Последнее относится не только к религиозным обрядам и церемониям: верховный авторитет государственной власти Спиноза распространяет и на религиозные заповеди, на практические предписания религии. Вся вообще практика религиозного благочестия ‘может получить силу права и заповеди только на основании государственного права’. ‘Например, тому, кто препирается со мной и хочет взять мою рубашку, благочестиво отдать и плащ, но там, где рассуждают, что это гибельно для государства, наоборот, — благочестиво привлечь его к суду’… Точно так же ‘никому не позволено помогать кому-нибудь во вред другому, а тем более во вред всему государству’… ‘Благо народа есть высший закон, к которому должны быть приноровлены все вещи, как человеческие, так и божественные’ [ТТР 19, 232]… Поэтому верховной власти ‘принадлежит верховное право постановлять относительно религии все, что бы ей ни заблагорассудилось’ [ТТР 16, 199]…

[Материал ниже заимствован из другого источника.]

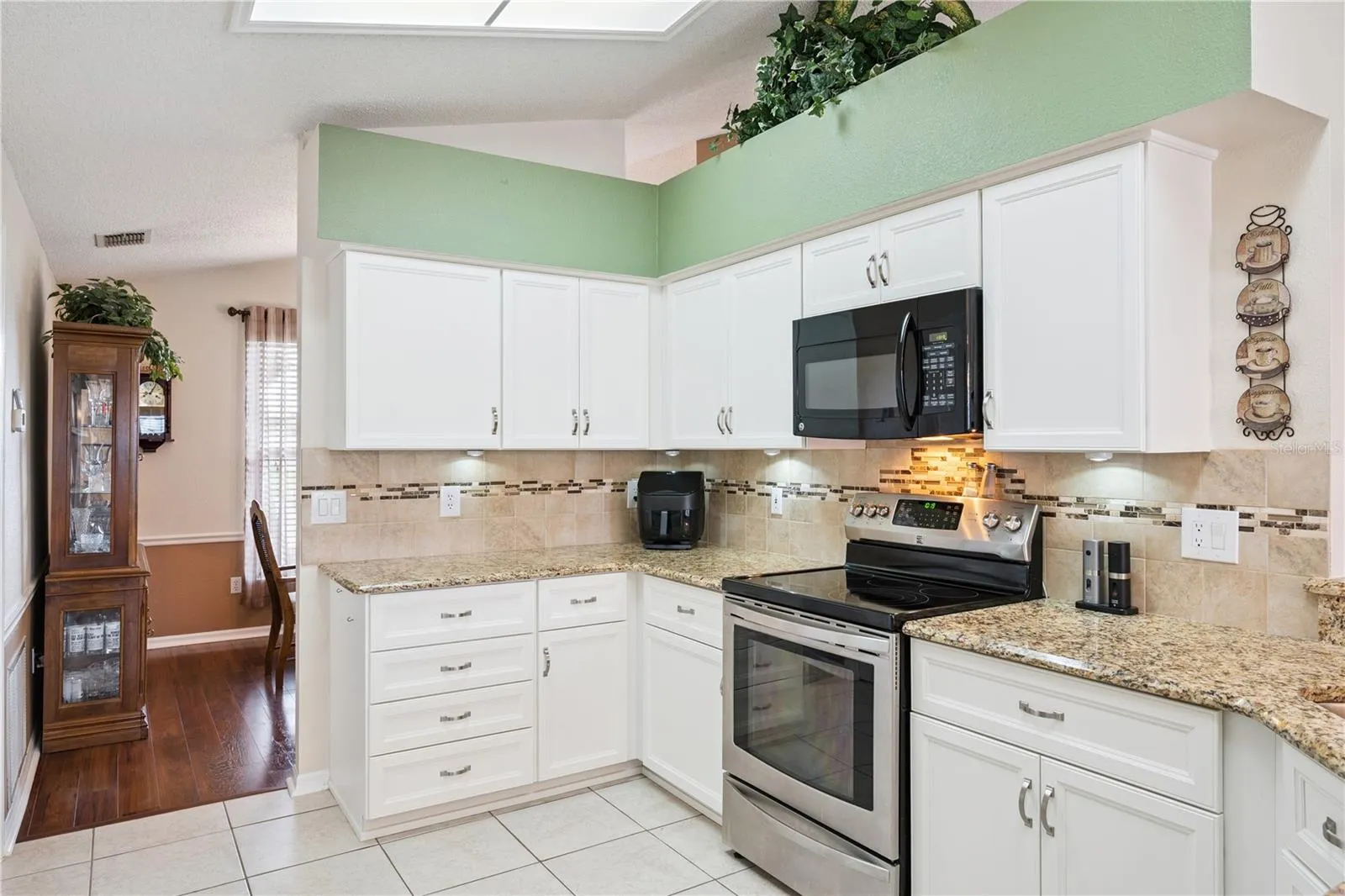 Freshly updated kitchen with stainless appliances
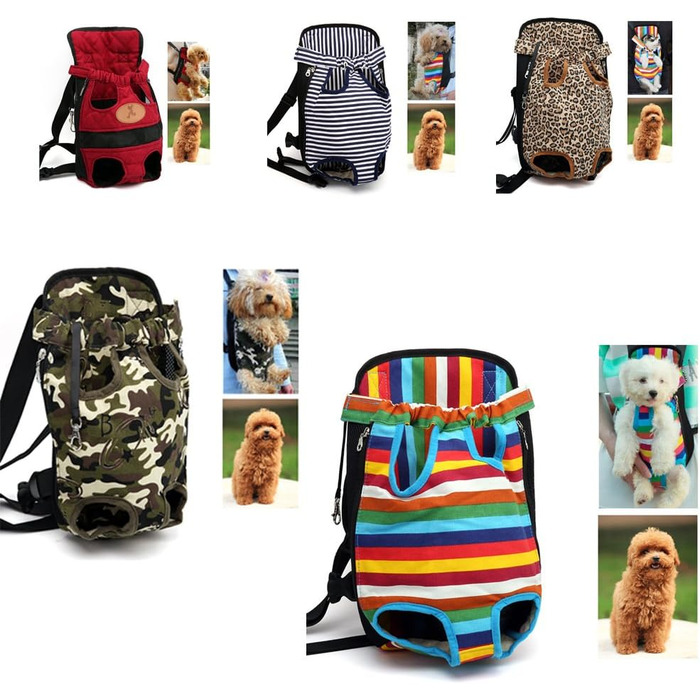 Рюкзак для собак: переноска-рюкзак для собак, червоний, розмір M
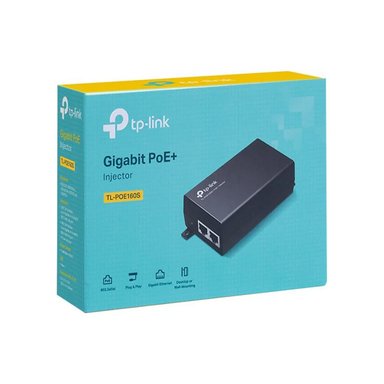 INYECTOR POE TP-LINK TL-POE160S DE 60W PARA RED GIGABIT, IDEAL PARA CÁMARAS Y PUNTOS DE ACCESO - 1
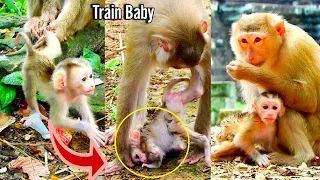 Great Job! Lauy Trai/ns Newborn Lexi Very Hilar/ious, Lexi Baby Seems Excited After Back from Swim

В отличие от религиозных правил и предписаний, от религиозного ‘права’, совершенно иначе ставится Спинозой вопрос о внутренней религии, о свободе религиозной совести, о ‘свободе судить и мыслить’, которые, по мнению философа, не должны подвергаться законодательному воздействию. Природа ‘естественного, божественного закона’ не нуждается в вере в исторические рассказы, она исключает обряды и уясняется из анализа человеческой природы. ‘Так как она состоит не столько во внешних действиях, сколько в душевной простоте и правдивости, то она не есть предмет ни какого-либо права, ни общественного авторитета’ [ТТР 7, 116]. Легко заметить, однако, что, не будучи связана с обрядовой стороной и будучи ограничена такими общими ‘догматами’, как ‘истинное познание бога’, ‘любовь к богу’ или ‘справедливая любовь к ближнему’, эта ‘внутренняя религия’, в сущности, уже перестает быть религией. Как у самого Спинозы, она легко переходит в свободное философствование о природе и человеке. Недаром Спиноза говорит о своем ‘естественном познании’, что оно ‘может с одинаковым успехом называться божественным, так как его как бы подсказывает нам природа бога’ [ТТР 1, 15]… Очистив религиозное мышление от всего, связанного с практикой благочестия, с религиозным фетишизмом и антропоморфизмом, он сохраняет лишь такие общие и расплывчатые положения ‘божественного познания’, что они уже легко могли получить у него ‘естественное’, материалистическое истолкование.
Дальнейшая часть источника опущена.